How about 'accepting' a handful of definitions as already given us by composers and musicologists vs. recontextualizing everything and making stuff up?


----------



## mmsbls (Mar 6, 2011)

PetrB said:


> How about 'accepting' a handful of definitions as already given us by composers and musicologists vs. recontextualizing everything and making stuff up?


It's really just a practical matter. People generally prefer to use one word or phrase rather than a handful of words or phrases. Think of the term "organic" as used for foods. Scientists define all foods as organic, and many compounds that are not foods are also organic. The term is not used correctly from a scientific standpoint, but society wanted a term to refer to a set of foods grown various (not totally well defined) ways. The foods should not use certain pesticides or certain additives and maybe must be grown using certain techniques. Rather than use the unwieldy technical descriptions of what foods qualify, people just say "organic" and almost everyone knows roughly what is meant.

And, of course, the term "organic" probably means something slightly different to various people (as "atonal" might), but still people find it useful since most people mean something fairly similar when they use "organic". As a scientist, I'm not really happy with the term, but I recognize that it makes sense for non-scientists to use such a term.

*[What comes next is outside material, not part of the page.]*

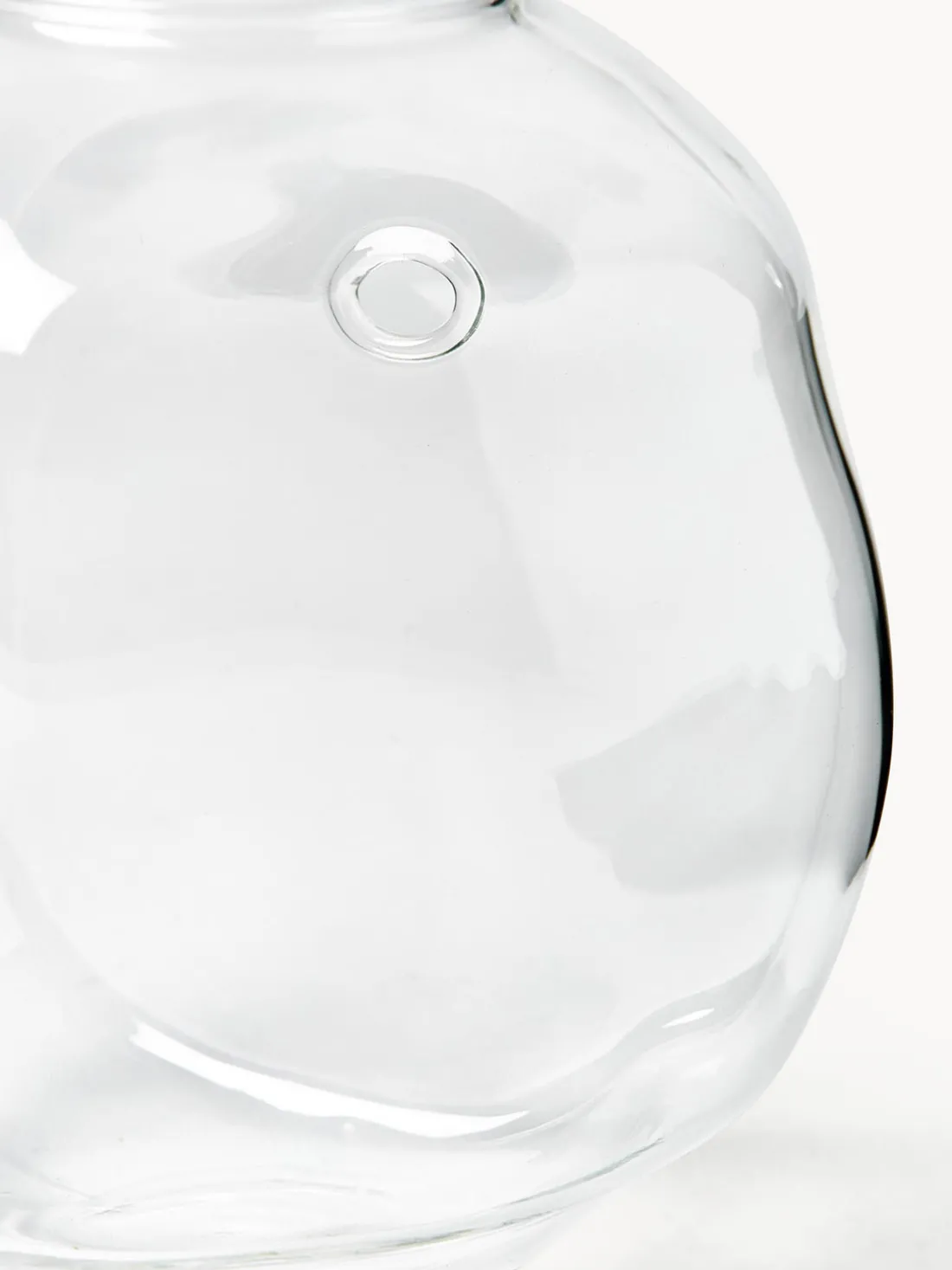 Jarrón de pared Pebble, Ø 15 cm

The real question is whether people use the term "atonal" to refer to a reasonably consistent set of works. If so, it makes sense for them to coin a word or term for that set.


----------



## ArtMusic (Jan 5, 2013)

I shll kindly leave you linguists and academisc to figure it all out, while I go listen to some atonal piano sonatas by Scriabin.


----------



## PetrB (Feb 28, 2012)

mmsbls said:


> It's really just a practical matter. People generally prefer to use one word or phrase rather than a handful of words or phrases. Think of the term "organic" as used for foods. Scientists define all foods as organic, and many compounds that are not foods are also organic. The term is not used correctly from a scientific standpoint, but society wanted a term to refer to a set of foods grown various (not totally well defined) ways. The foods should not use certain pesticides or certain additives and maybe must be grown using certain techniques. Rather than use the unwieldy technical descriptions of what foods qualify, people just say "organic" and almost everyone knows roughly what is meant.
> 
> And, of course, the term "organic" probably means something slightly different to various people (as "atonal" might), but still people find it useful since most people mean something fairly similar when they use "organic". As a scientist, I'm not really happy with the term, but I recognize that it makes sense for non-scientists to use such a term.
> 
> The real question is whether people use the term "atonal" to refer to a reasonably consistent set of works. If so, it makes sense for them to coin a word or term for that set.


'Society' in this case is all of 2% of the entire population of the planet; somehow, I don't think there are enough people with 'atonal' about to trip off their lips in discussing musical in general, that a 'peoples' definition would do anything but further clutter the scene and make more confusion.

In pop music, 'neoclassical' now means 'not 20th century classical neoclassical' but that is a huge marketplace that will, for its own convenience, make up terms.


----------



## Arsakes (Feb 20, 2012)

ArtMusic said:


> I shll kindly leave you linguists and academisc to figure it all out, while I go listen to some atonal piano sonatas by Scriabin.


How can Piano be atonal exactly?


----------



## Wandering (Feb 27, 2012)

PetrB said:


> No, it's lame and antique, 'dude.' If it is a line, whatever you think of it, it can be and often is 'a melody.' It is just not "go tell aunt grody" or "Twinkle Twinkly Little Dude" anymore


'Ah the creature, the creatures, everything has to be explained to them.' - Beckett


----------



## Mahlerian (Nov 27, 2012)

mmsbls said:


> The term "atonal" is very interesting. I accept that it does not have a useful technical meaning in music. Generally, people who use it are _not_ really using it as a technical term (even if they think they are). They are using it to refer to a set of musical works. The term is used in the same way Classical, Baroque, and Romantic are used. People who don't like Bach, Handel, Vivaldi, Telemann, etc. simply say "I don't like Baroque music", and everyone understands what they mean. People who don't like composers such as Schoenberg, Berg, Boulez, Stockhausen, Ligeti, Babbitt, Cage, etc. do not have a simple term to use. We have not yet invented that term, but people want to use something simple (like Baroque) so they use "atonal".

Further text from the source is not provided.